What to work on ▸
What you write should match, word for word, the lines from the one containing "Belladama61 - As" through the end of the data, with no pictures.

(Stored entries)
*** Block opens ***

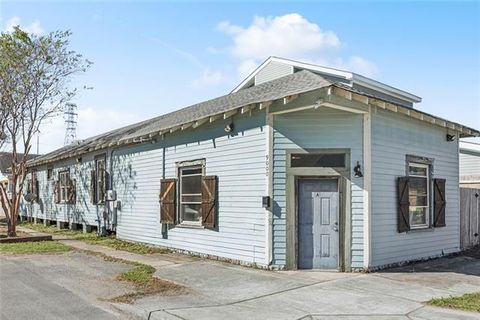 Photo of 9000 Green Street St #A, New Orleans, LA 70118 (MLS # NO2551952)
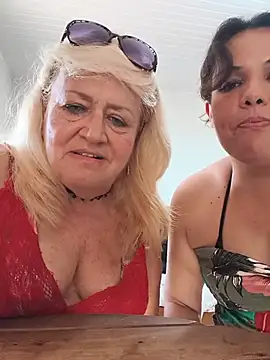 Belladama61 - As belas colocar o plug no cuzinho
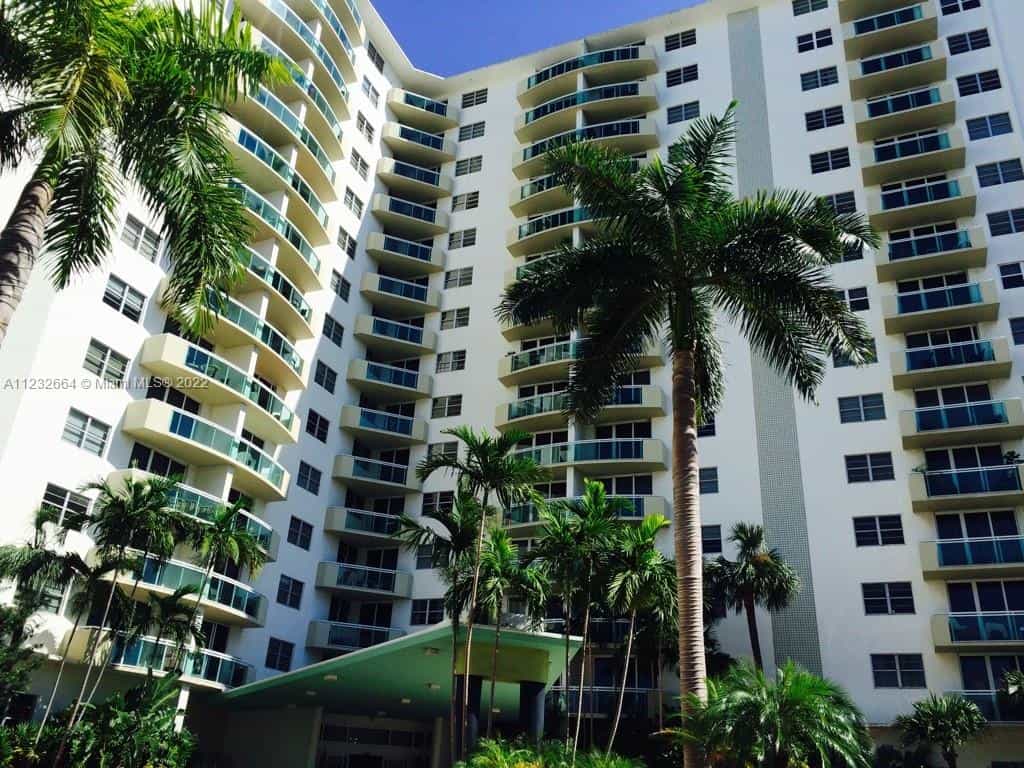 Condominium dans Hollywood, Florida 11622417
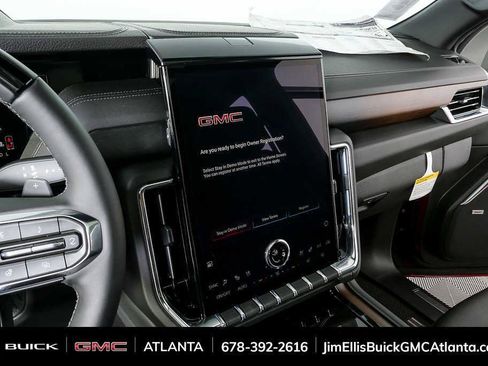 New 2026 GMC Yukon Denali w/ Denali Reserve Package AWD/4WD image 13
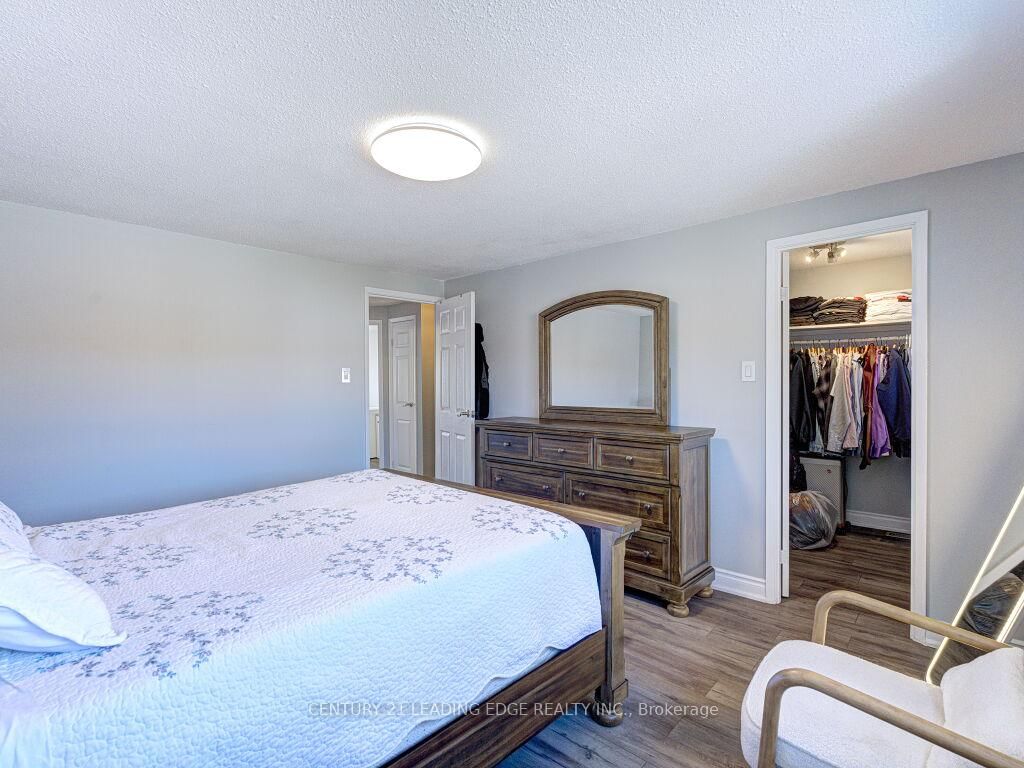 1552 Lancaster Drive • #56 • Oakville, ON photo 19
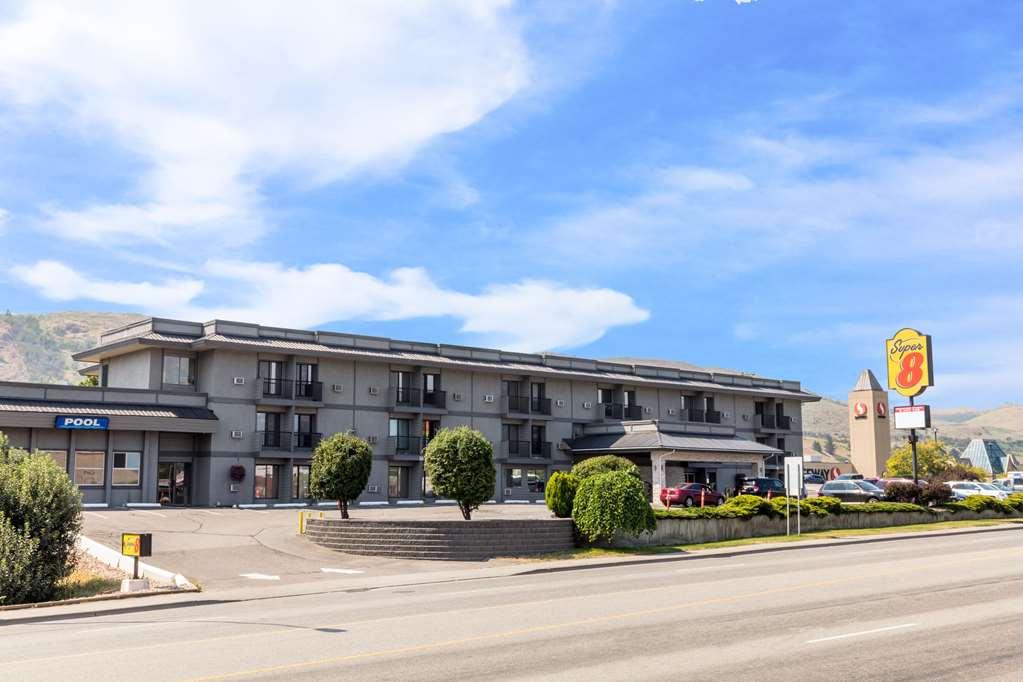 Quality Inn & Suites Vernon Bagian luar foto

*** Block closes ***

Exercise answer ▸
 Belladama61 - As belas colocar o plug no cuzinho
 Condominium dans Hollywood, Florida 11622417
 New 2026 GMC Yukon Denali w/ Denali Reserve Package AWD/4WD image 13
 1552 Lancaster Drive • #56 • Oakville, ON photo 19
 Quality Inn & Suites Vernon Bagian luar foto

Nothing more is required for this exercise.